Windows XP Pro 32 bit w/SP3
AMD Phenom II X4 955 Black Edition 125W OC'd to 3.8Ghz (C2 stepping)
ASUS M4N82 Deluxe nVidia 980a SLI ATX Motherboard
ASUS AMI 0802 BIOS
Realtek ALC888/1200 nVidia MCP72 HD Audio
EVGA 015-P3-1580-AR GeForce GTX 580 (Fermi) 1536MB 384-bit
Corsair Dominator CM2X2048-8500C5D Dual Channel [5-5-5-15-22-2T-2.1v]
SATA WD 300GB Velociraptor
WD 1TB Caviar Black
LG GH22LS30 CD/DVD Burner
PC Power & Cooling Silencer 750W Quad EPS12V
ViewSonic G90FB Black 19" CRT Monitor
Generic Harman Kardon (3)
Logitech Optical M-BT96a
Coolermaster ATCS 840 Full Tower Case
3x230mm, 1x120mm, Optional: 3x Scythe S-Flex SFF21G 120mm
ZALMAN CNPS 10X Extreme CPU Cooler
SteelSeries 6GV2 Keyboard


This is getting ridiculous...no offense....same version GPU-Z, EVGA Precision, AIDA64 Extreme...Updated AIDA64, rolled back EVGA Precision...and this...








EVGA Precision: 2.1.0.0
AIDA64 Extreme: 2.20.1900
Vid card driver: 296.10 








....btw...PhysX IS working...I can make it show in benches like FluidMark, I've tried the new fillrate version, I've tried about 4-5 older versions  etc.


----------



## Athlon2K15 (May 13, 2012)

why are you using windows xp?


----------



## AlienIsGOD (May 13, 2012)

AthlonX2 said:


> why are you using windows xp?



agreed, a 580 on XP


----------



## ghot (May 13, 2012)

Because I like it better than Windows 7, and Windows 8 is a joke   :/

...and it used to show PhysX, in GPU-Z, now it doesn't


----------



## entropy13 (May 13, 2012)

ghot said:


> Because I like it better than Windows 7,



 

You shouldn't have bought a GTX 580 then, you're just wasting that card. *Wasting* it. You should just get a GTX 285.




ghot said:


> ...and it used to show PhysX, in GPU-Z, now it doesn't



Have you just updated your drivers?


----------



## ghot (May 13, 2012)

WOW, 3 replies and no help whatsoever....you all from 4chann or something  :/


----------



## Mussels (May 13, 2012)

seriously, you're murdering that card on XP. most of its features wont work, and you'll be lucky to have access to 1GB of its ram.

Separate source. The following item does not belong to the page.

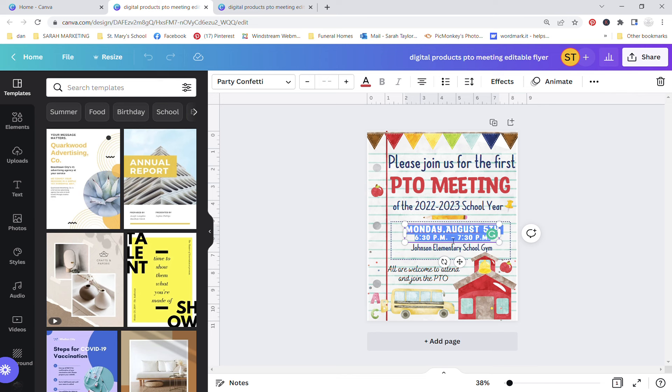And if at some point you make a mistake or you get lost and things go wonky, just exit out and reopen the link through that PDF that was sent to you. You'll lose your work but sometimes I think it's easier to do that instead of trying to troubleshoot backwards. You'll have access to that link so if something goes wrong and you can't figure it out, just exit out and restart over.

if CUDA is showing as working, then PhysX is as well. there must be a glitch in GPU-Z, possibly not recognising the drivers you're on properly.


----------



## ghot (May 13, 2012)

got PhysX working...just DL'd the standalone installer...uninstalled the old...ran CCleaner
...the ONLY thing XP doesn't support is DX11 and Direct Compute









seems nothing wrong with GPU-Z, I'm glad to report...great work guys.

As for the rest of you...only post when you know the answer...thx   :/


----------